Could you write out exactly, and only, the lines from the one containing "Medium property photo" through the last line of the data, leaving out all pictures?

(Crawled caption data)
○ ○ ○ ○ ○

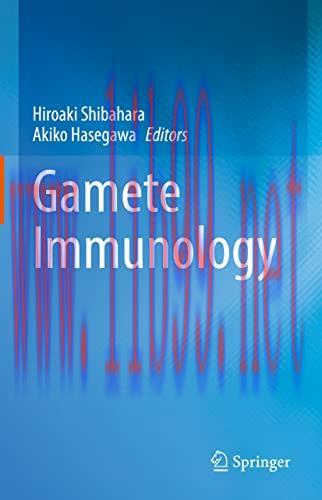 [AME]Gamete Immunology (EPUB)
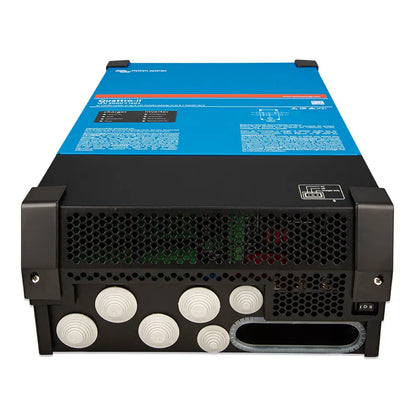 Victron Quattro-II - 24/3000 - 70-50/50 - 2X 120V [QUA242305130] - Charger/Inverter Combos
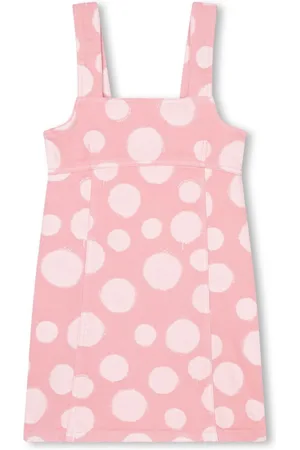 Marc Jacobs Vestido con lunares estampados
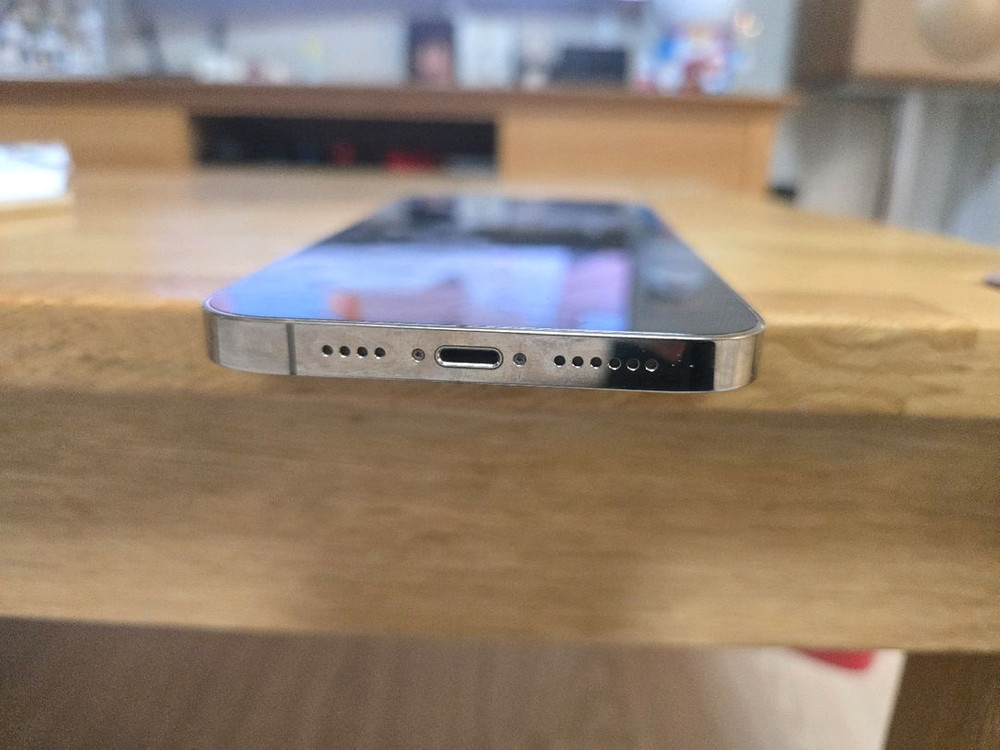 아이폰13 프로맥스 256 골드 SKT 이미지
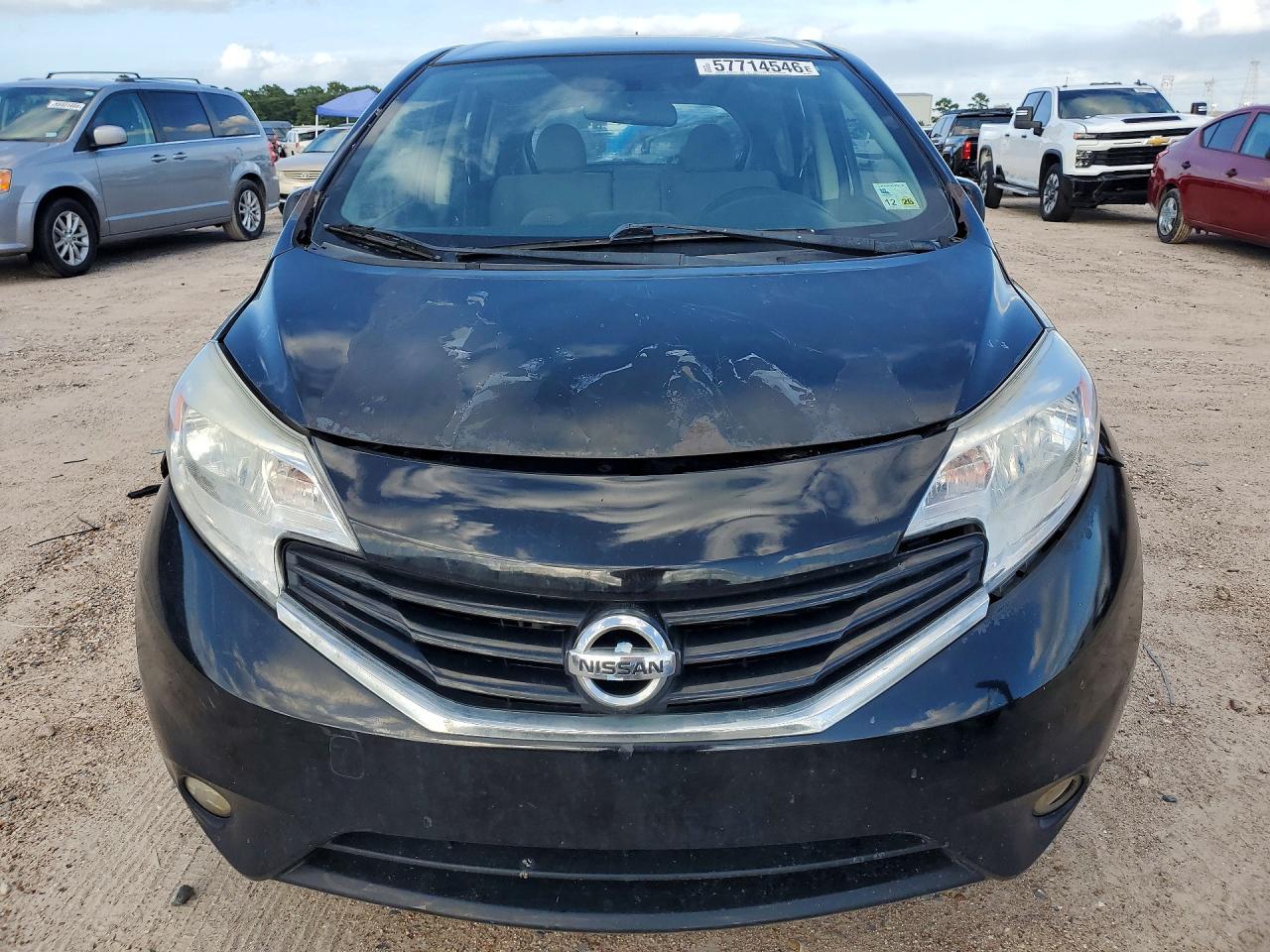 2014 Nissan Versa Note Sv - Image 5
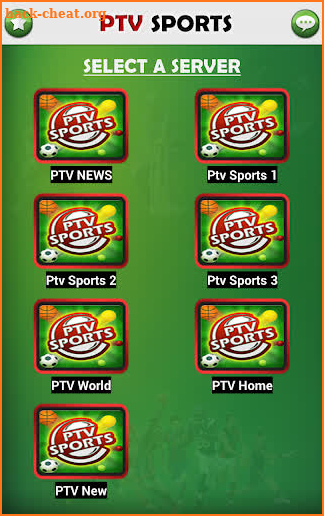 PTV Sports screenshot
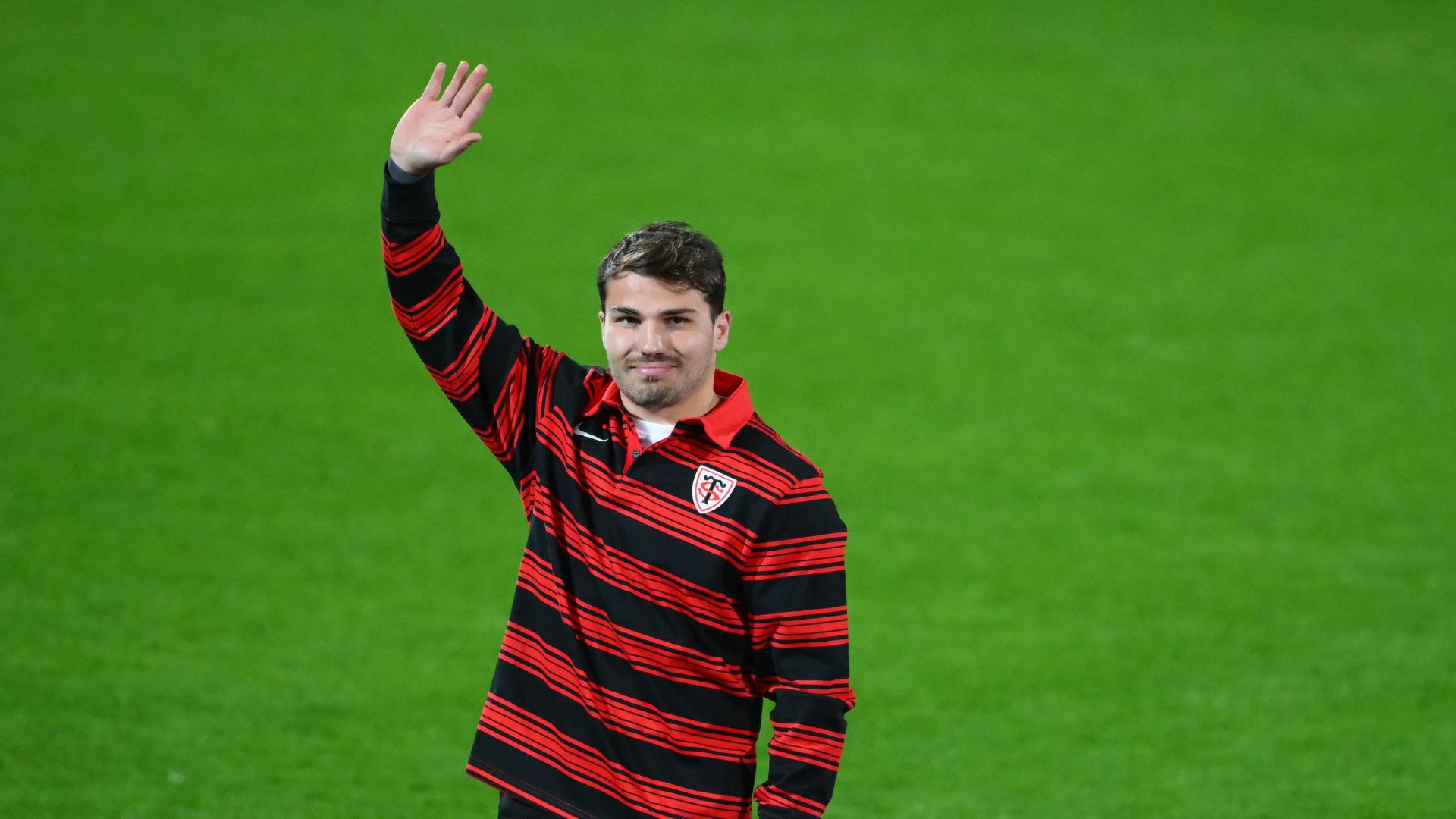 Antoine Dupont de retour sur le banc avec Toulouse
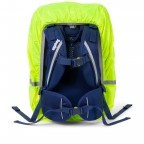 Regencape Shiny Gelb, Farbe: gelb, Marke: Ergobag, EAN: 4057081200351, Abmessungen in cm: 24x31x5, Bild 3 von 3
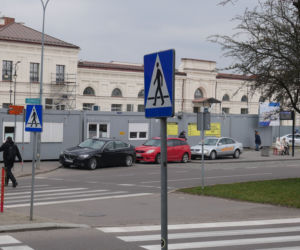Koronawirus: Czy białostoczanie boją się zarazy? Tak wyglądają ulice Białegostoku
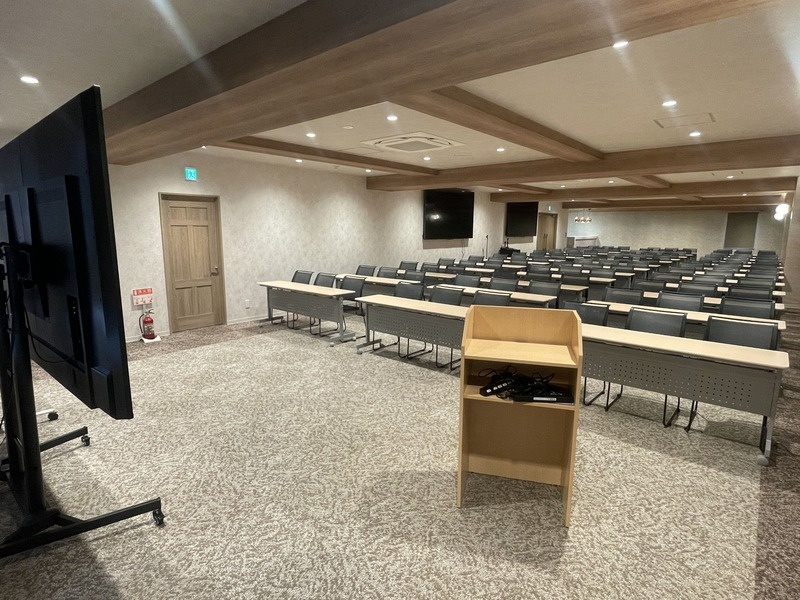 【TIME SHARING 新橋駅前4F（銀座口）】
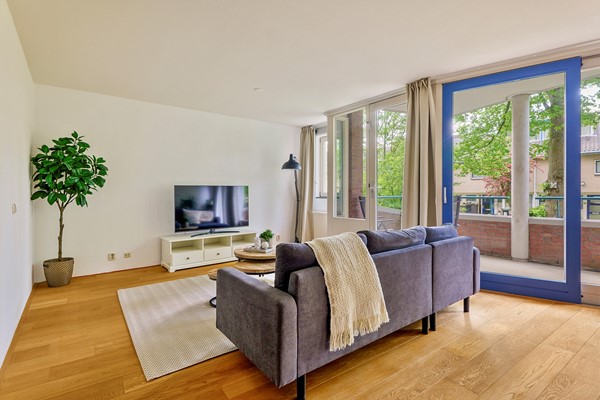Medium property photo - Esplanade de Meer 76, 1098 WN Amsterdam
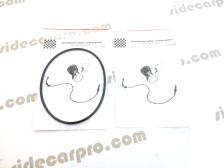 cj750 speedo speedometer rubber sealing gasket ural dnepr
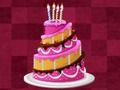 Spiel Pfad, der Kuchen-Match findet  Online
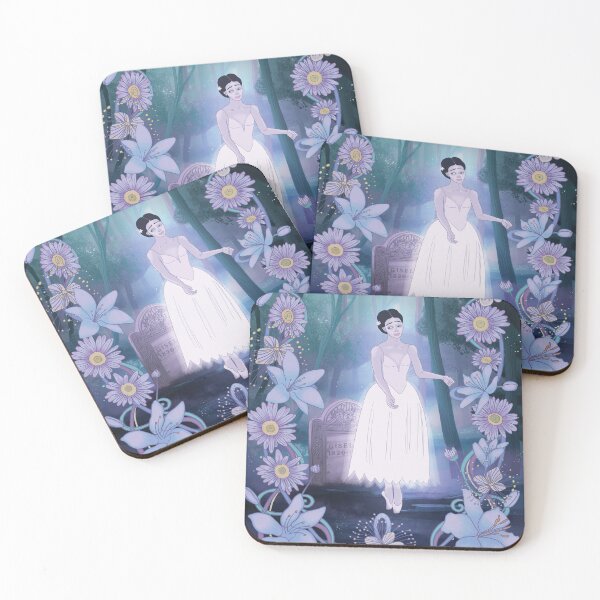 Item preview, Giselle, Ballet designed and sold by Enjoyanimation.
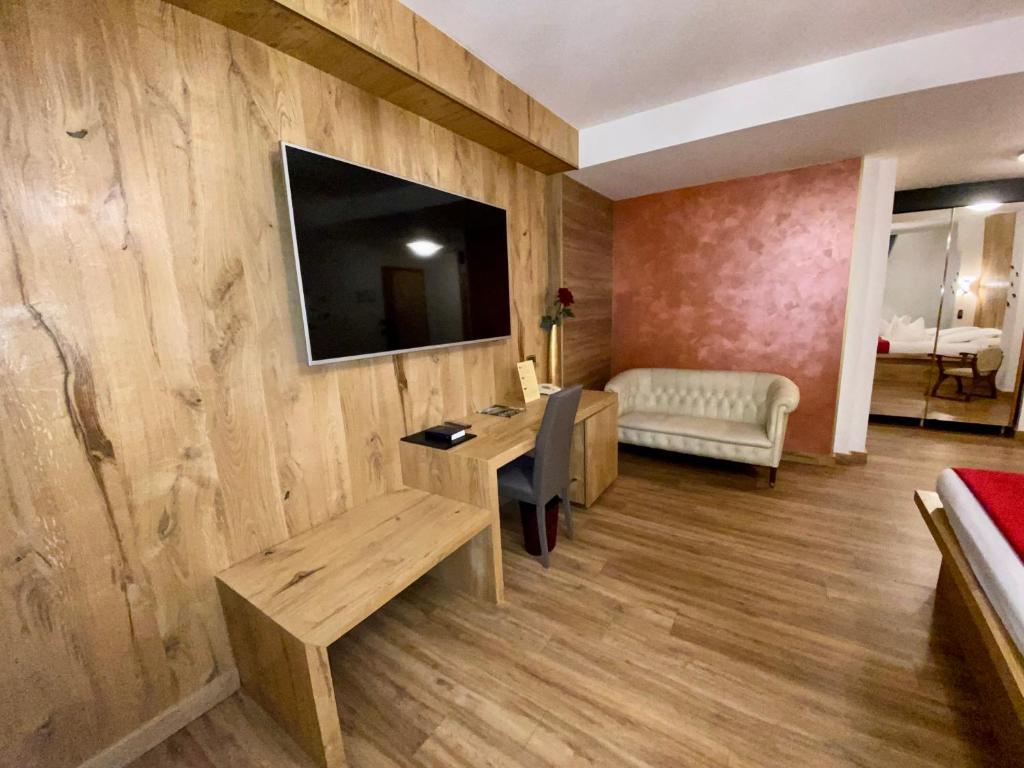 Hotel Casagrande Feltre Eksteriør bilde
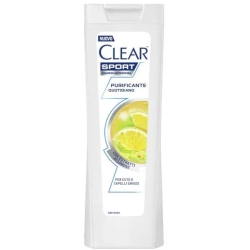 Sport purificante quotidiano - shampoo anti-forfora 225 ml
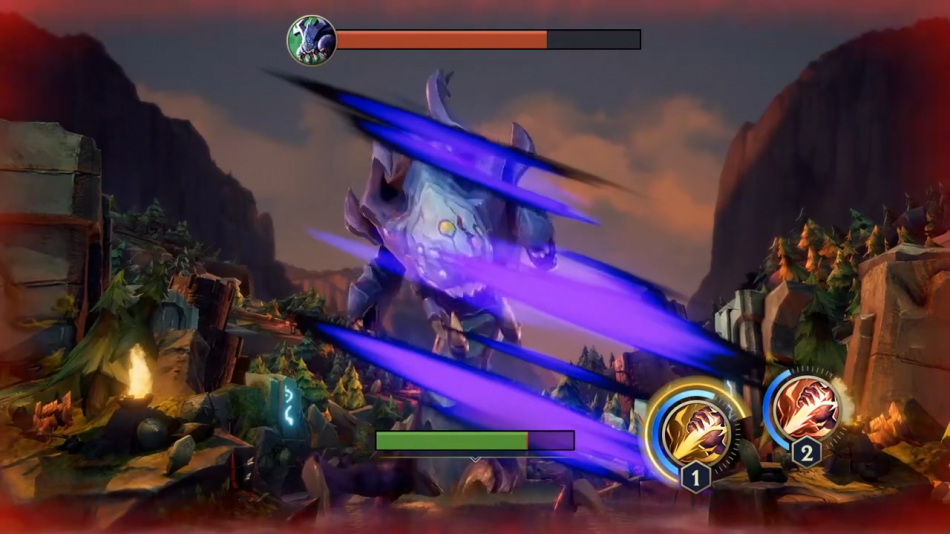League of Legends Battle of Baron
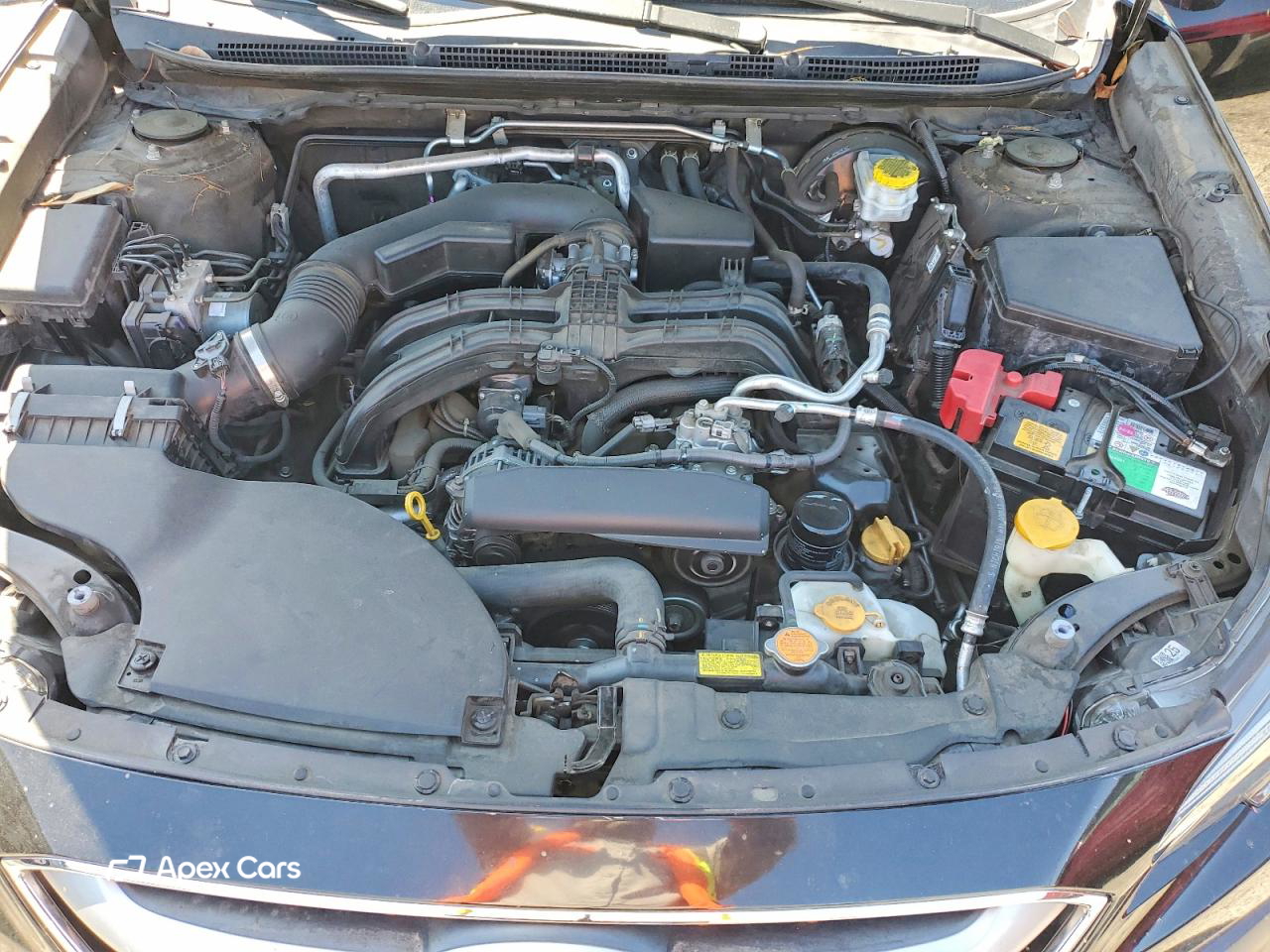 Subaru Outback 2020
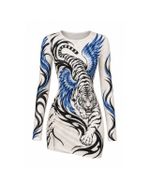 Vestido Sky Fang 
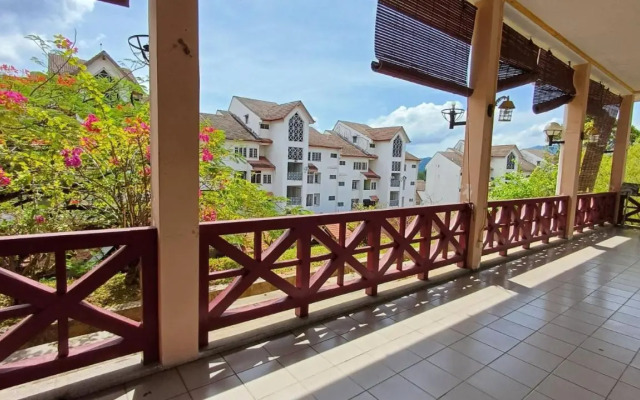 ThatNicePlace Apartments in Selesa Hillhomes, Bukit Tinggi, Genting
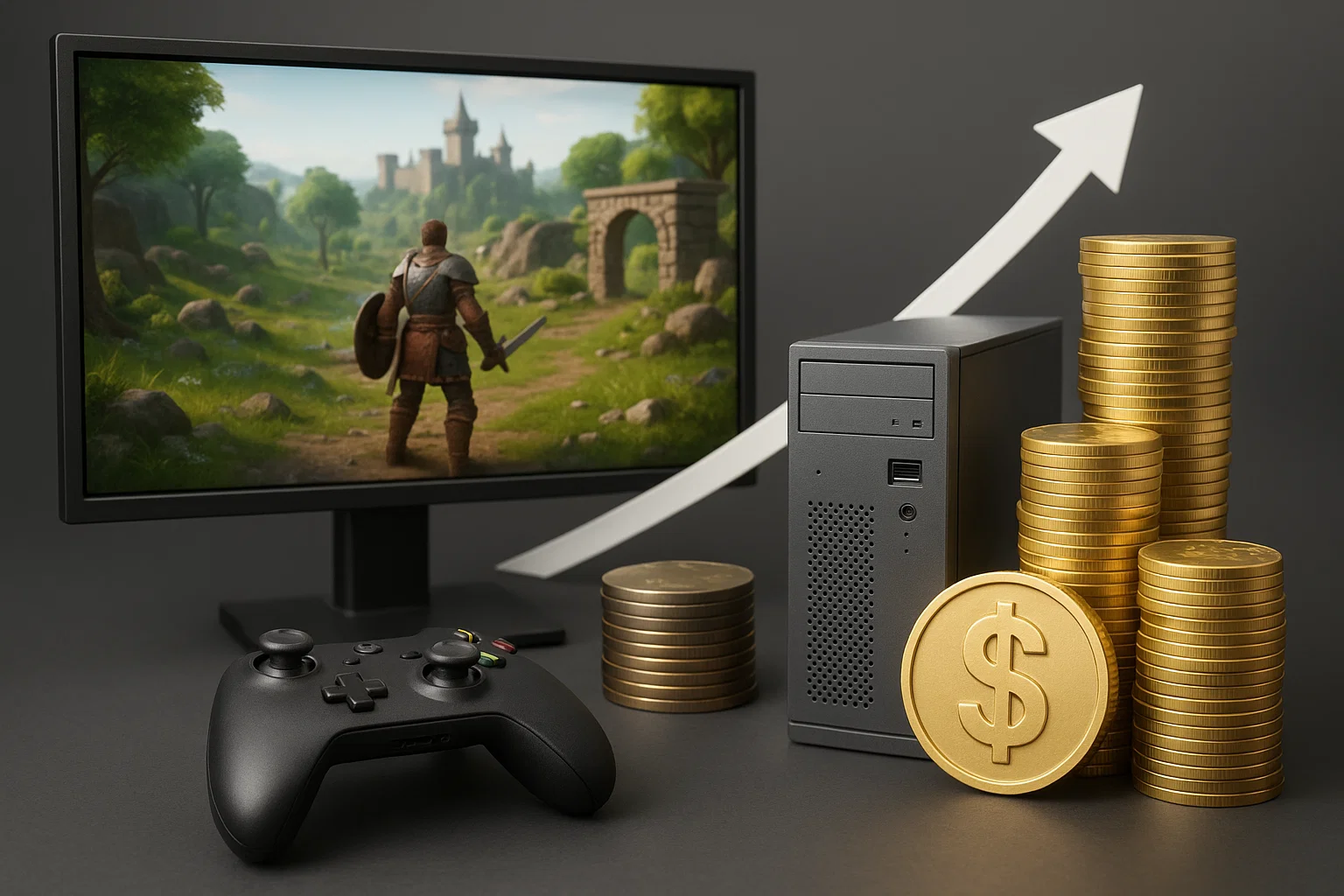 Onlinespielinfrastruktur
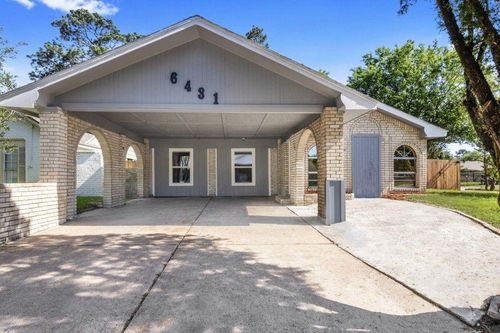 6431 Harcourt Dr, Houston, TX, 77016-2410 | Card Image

○ ○ ○ ○ ○

> **RESULT FOR THIS TASK**
Medium property photo - Esplanade de Meer 76, 1098 WN Amsterdam
 cj750 speedo speedometer rubber sealing gasket ural dnepr
 Spiel Pfad, der Kuchen-Match findet  Online
 Item preview, Giselle, Ballet designed and sold by Enjoyanimation.
 Hotel Casagrande Feltre Eksteriør bilde
 Sport purificante quotidiano - shampoo anti-forfora 225 ml
League of Legends Battle of Baron
 Subaru Outback 2020
 Vestido Sky Fang 
 ThatNicePlace Apartments in Selesa Hillhomes, Bukit Tinggi, Genting
 Onlinespielinfrastruktur
 6431 Harcourt Dr, Houston, TX, 77016-2410 | Card Image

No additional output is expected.